[Records drawn from a dataset]
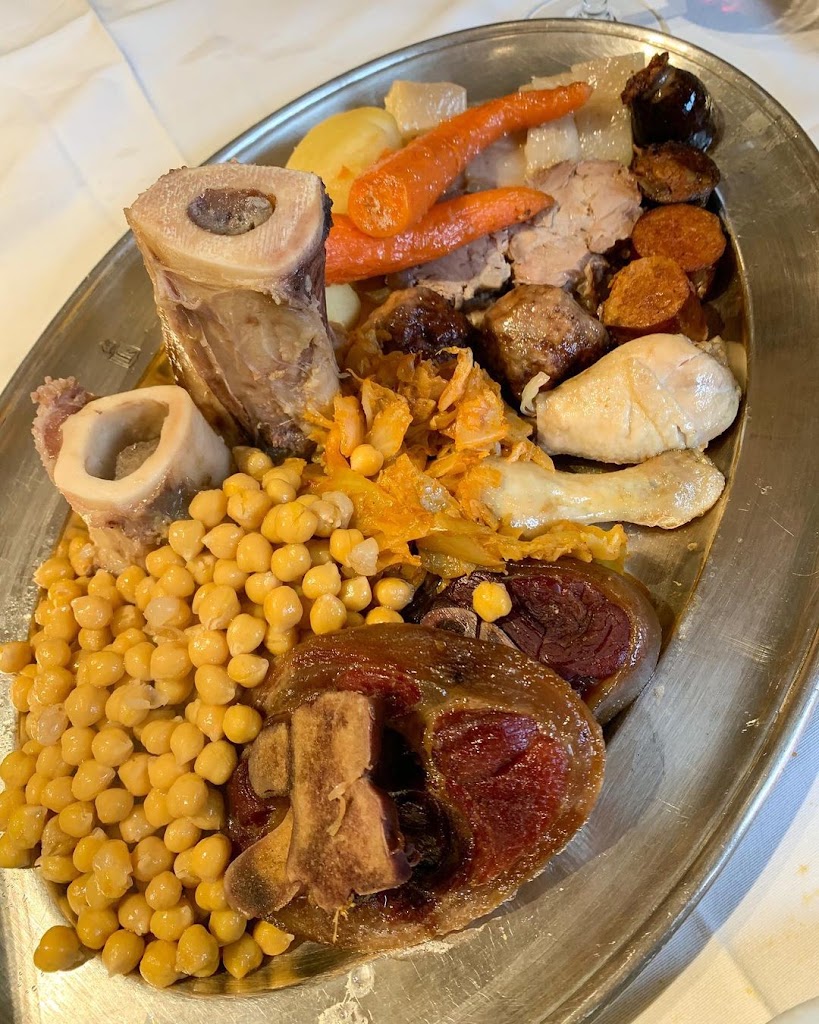 Cava Alta - Restaurante — Comida y bebida
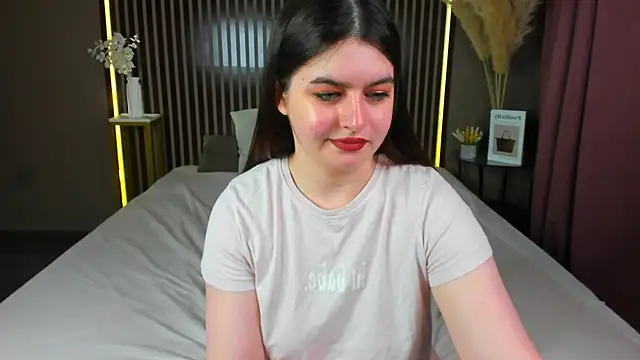 Snapshot of Margaret__Moon chatting on May 15, 2026, 8:10 am Margaret Moon online show from May 15, 2026, 8:10 am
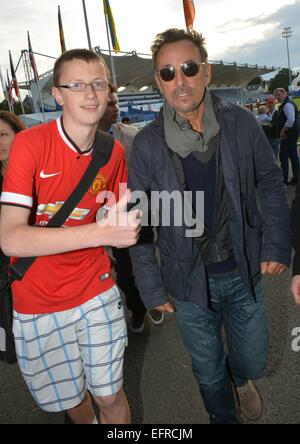 Stolze Eltern, Bruce Springsteen und Patti Scialfa stellen mit ihrer Tochter Jessica Springsteen, ihre Klasse für die USA bei der RDS Dublin Horse Show 2014 Featuring gewann: Bruce Springsteen fan wo: Dublin, Irland: 7. August 2014 Stockfoto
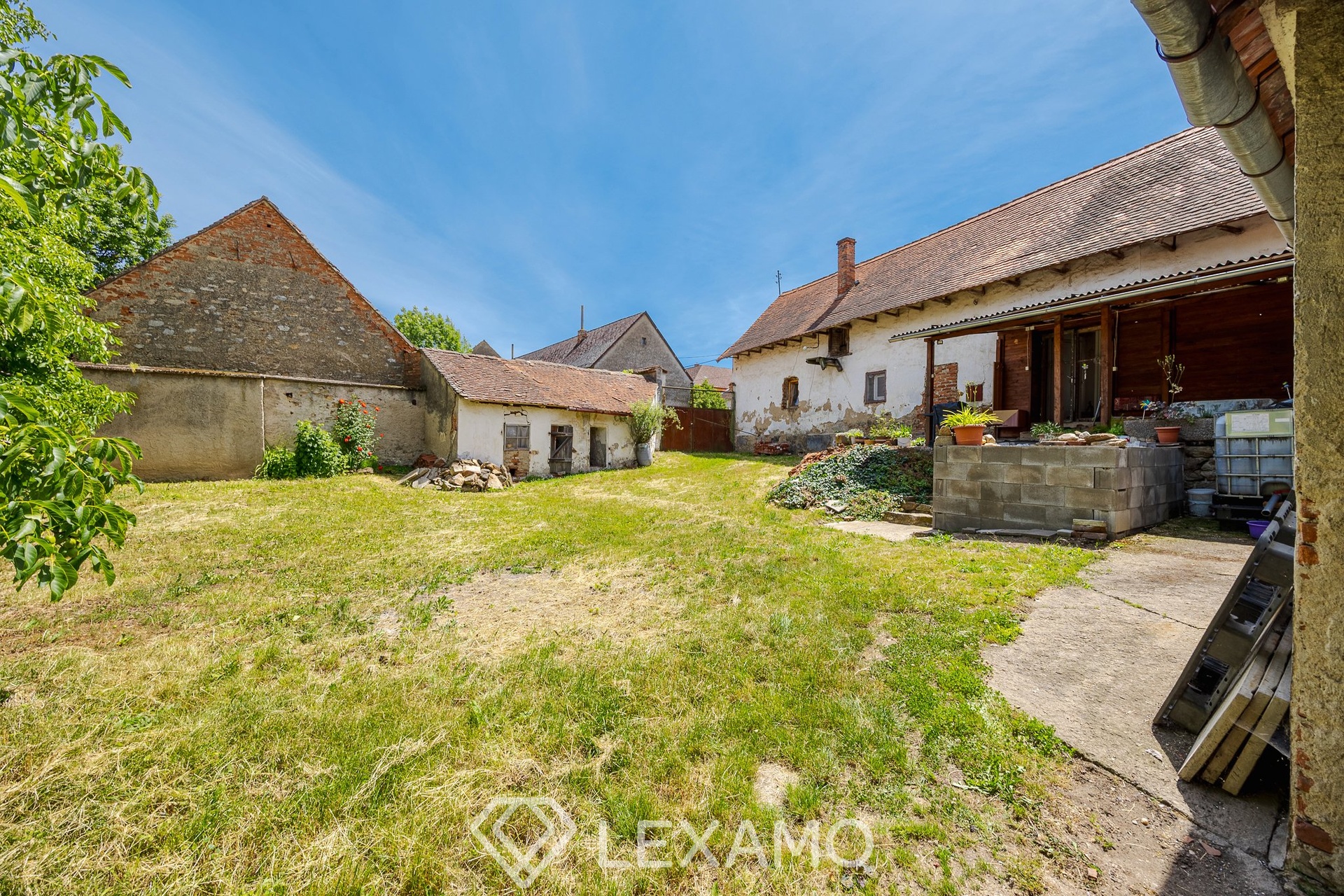 2R6_0016-HDR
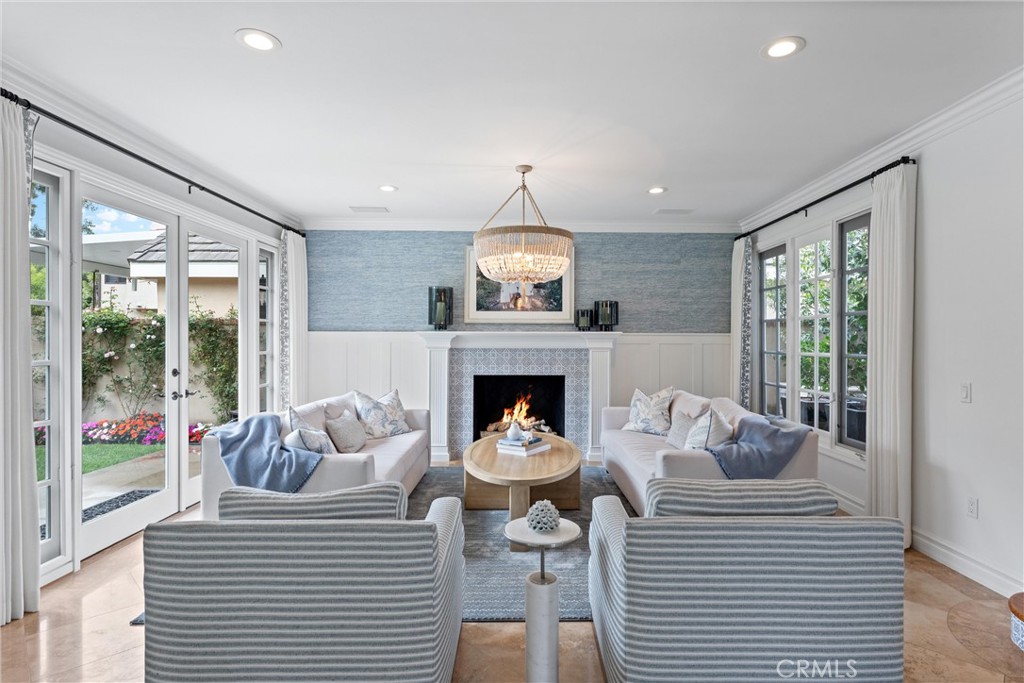 Huntington Beach, California, 92648, United States, 4 Bedrooms Bedrooms, ,4 BathroomsBathrooms,Residential,Active,2041783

Work required: Write all the entries again word for word, minus the pictures.

Solution to this problem:
 Cava Alta - Restaurante — Comida y bebida
 Snapshot of Margaret__Moon chatting on May 15, 2026, 8:10 am Margaret Moon online show from May 15, 2026, 8:10 am
 Stolze Eltern, Bruce Springsteen und Patti Scialfa stellen mit ihrer Tochter Jessica Springsteen, ihre Klasse für die USA bei der RDS Dublin Horse Show 2014 Featuring gewann: Bruce Springsteen fan wo: Dublin, Irland: 7. August 2014 Stockfoto
 2R6_0016-HDR
 Huntington Beach, California, 92648, United States, 4 Bedrooms Bedrooms, ,4 BathroomsBathrooms,Residential,Active,2041783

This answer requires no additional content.